[DATASET SECTION — start]

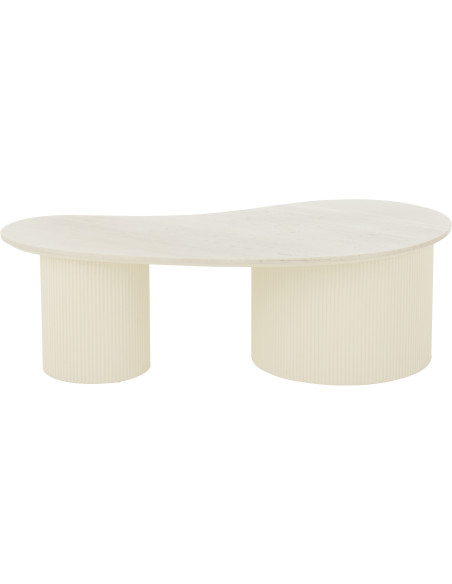 Grande Table basse moderne chic Organique en Marbre Blanc Bois MDF Blanc Snowli - 5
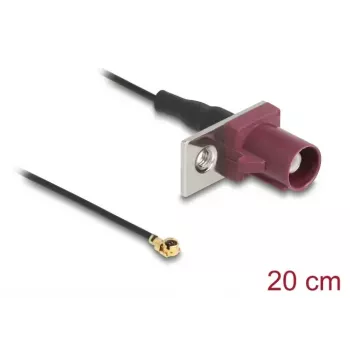 Koaksialinis kabelis DELOCK 90730 — FAKRA D į I-PEX MHF1, 0,2 m, Ø1,13 mm, juoda/bordo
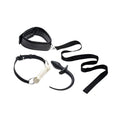 Tailz puppy play set with black leather collar leash white plastic gag and black curved anal plug for puppy play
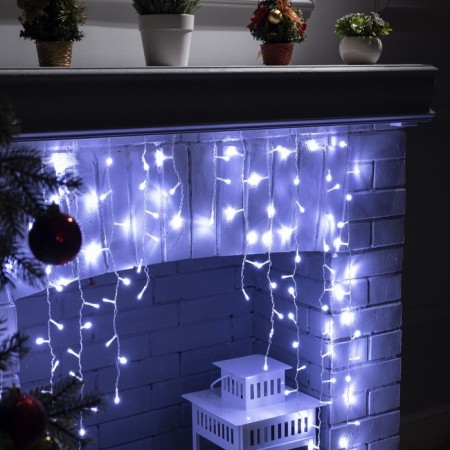 Garland "fringe-arka" 1 × 1 m, IP20, transparent thread, 126 LED, white glow, 8 modes, 220 V-2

[DATASET SECTION — finish]

REQUIRED ACTION: The material should be duplicated word for word, with no images included.

ANSWER TO THIS TASK:
 Grande Table basse moderne chic Organique en Marbre Blanc Bois MDF Blanc Snowli - 5
 Koaksialinis kabelis DELOCK 90730 — FAKRA D į I-PEX MHF1, 0,2 m, Ø1,13 mm, juoda/bordo
 Tailz puppy play set with black leather collar leash white plastic gag and black curved anal plug for puppy play
 Garland "fringe-arka" 1 × 1 m, IP20, transparent thread, 126 LED, white glow, 8 modes, 220 V-2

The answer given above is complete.